The other option in Sinai peninsula with more laid back vibe is Dahab right next to the border with Jordan. With its famous blue hole, it has been a magnet for lots of backpacker and divers over years. However there are lots of dodgy diving package providers around the area so we weren’t sure if we want to pick that spot for diving or not. Especially when we decided to take a flight from Amman to Cairo, instead of travelling from Aqaba in Jordan to Taba close to Dahab in Egypt. If I had to pick between Sharm el-Sheikh and Dahab, and we wanted to only stay in Sinai peninsula in Egypt, we would have definitely picked Dahab.
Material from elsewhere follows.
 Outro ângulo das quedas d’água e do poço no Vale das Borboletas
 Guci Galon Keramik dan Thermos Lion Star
From cost point of view, there are definitely more affordable options there as well.

To get back to New Zealand, we had to get to Istanbul first, and because diving in red sea was the last leg of our journey in Egypt, I had to keep the best and most affordable flight options in mind too. Somehow I figured out flying to Istanbul directly from a town called Hurghada was way cheaper than even flight from Cairo to Istanbul which is the shorter flight with plenty more flight options on this route. That forced me to pick a diving spot close to Hurghada. Hurghada itself is a diving tourist destination which is more affordable than Sharm El Sheikh. It’s close to Aswan too which is the place that we ended up our Dahabiya trip.

 

 I would say probably Hurghada can be a very good destination for diving in Red sea because of it’s affordable flights to Istanbul and the rest of Europe and availability of affordable and reasonable accommodation in the town and its access to plenty of good diving spots in the Red sea.
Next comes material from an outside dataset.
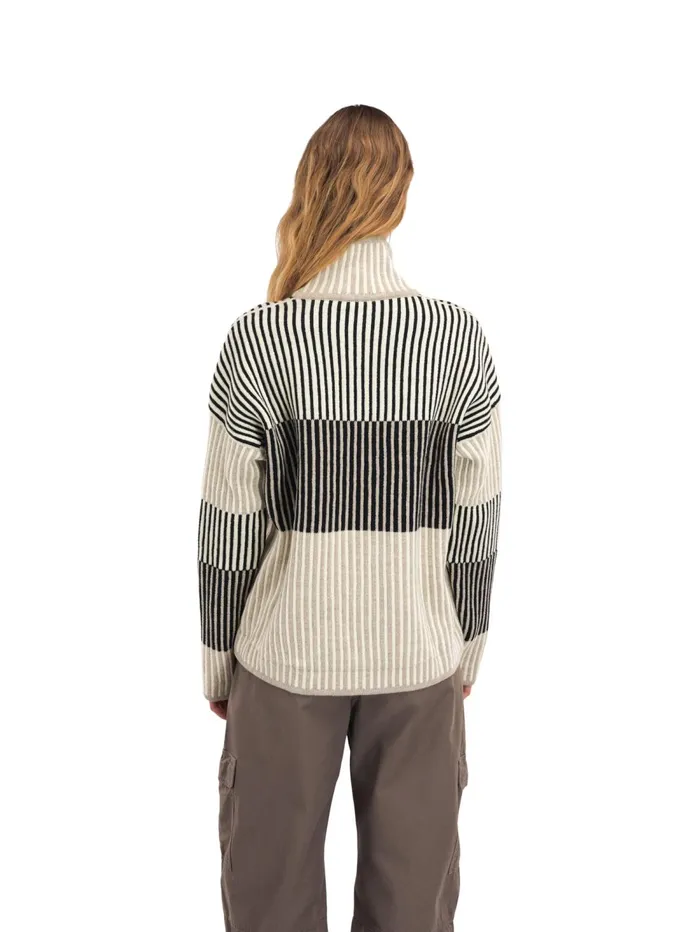 Women Dale Of Norway Turtleneck Skarstind Sweater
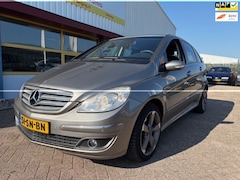 Mercedes-Benz B-klasse - 200 AUTOMAAT APK T/M 2-12-2026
But I was looking for something more unique like a fishing village, by the sea. A quiet spot that we could enjoy the underwater world and be away from the hotels/resorts vibes. And I think if you look for something, you’ll find it eventually. On Padi Travel website, we found the list of sustainable diving options in Egypt and they were all what we were looking for. 20 km south of Marsa Alam, a small town half way between Hurghada and Sudan border, there’s a hidden gem. Marsa Shaghra is  a small village with an amazing minimal  sustainable accommodation options, just designed for professional divers and the students who are willing to take diving course s so if you are not into diving, you can not stay there. Everything is about diving there, isolated from everywhere and 20 km far from the only township of Marsa alam, it’s a great place to dive as many times as you can per day. Sitting next to two house reefs, you don’t even need to take a short boat ride to dive, you literally can walk into the water and start diving either the northern or the southern reef. It’s however close to the best diving spots of the red sea too. Below you can see the map of the famous Red Sea diving spots close to here.

Is diving cheap in Egypt? How much it costs?
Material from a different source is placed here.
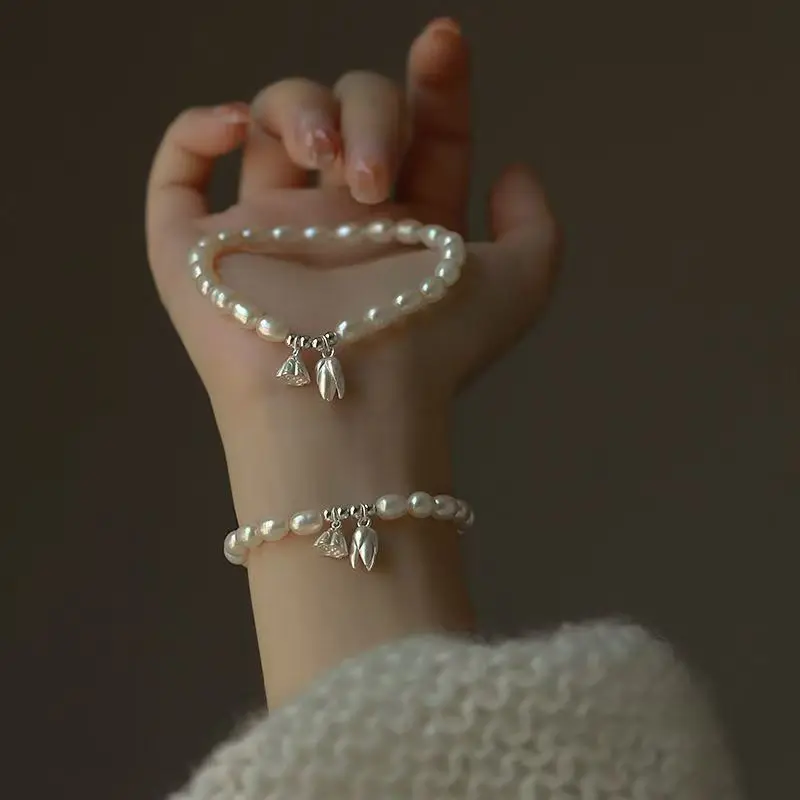 

Freshwater Pearl Bracelet for Women, a Delicate and Unique Light Luxury Lotus-Inspired Bracelet with Small Pearl Beads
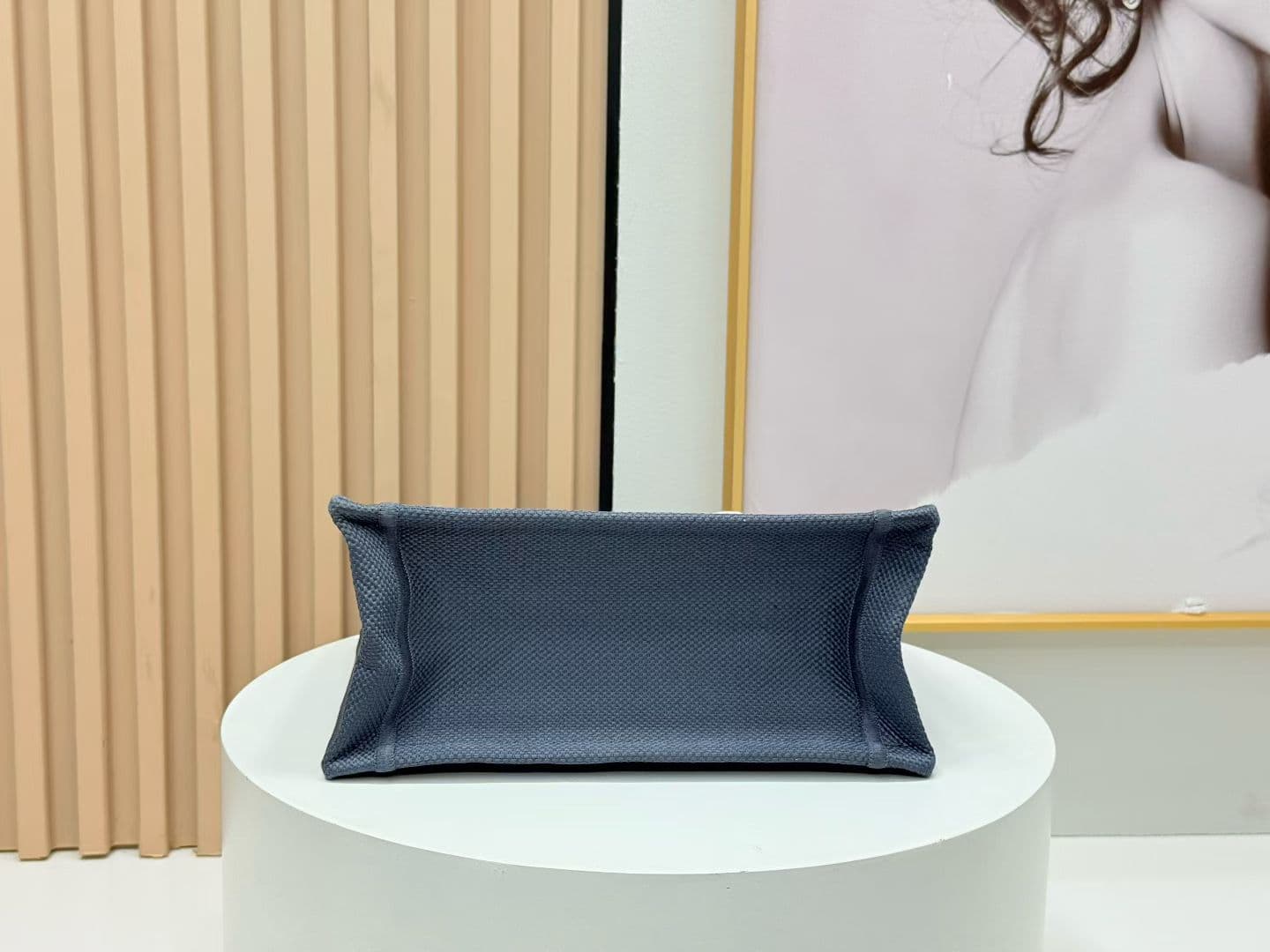 C1998 Details of Diore JWA’s new bags in the first season! The classic bags now have a modern touch. — image 7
Well the answer to the first question is no. Egypt is not a cheap diving destination. It is not even comparable to somewhere like Koh Tao in Thailand. It is cheaper than diving in new Zealand though, which is not a surprise, But it definitely worth the experience. For getting a Padi Open Water certificate, I would probably still prefer somewhere like Thailand, but having said that, we wanted to try diving in Egypt and stay  somewhere unique. To stay in the location that I found, Red Sea Diving safari in Marsa Shaghra village, if we didn’t want to take the diving course and just do the diving, we should have had a diving certificate or take the course, so we had to pick the second option and decided to get our open Water Certificate there. Even if we could go recreational diving with a guide, it was becoming to expensive to rent our all the gear there so booking a course with accommodation with all inclusive meal option was the best package. Was it cheap? no definitely not. I think we paid 1200 Euro for both of us getting Padi Open water certificate, get our beach front tent accommodation for 5 days and having all the meals included. Actually it’s not that bad , now that I’m looking back into that from New Zealand costs perpective.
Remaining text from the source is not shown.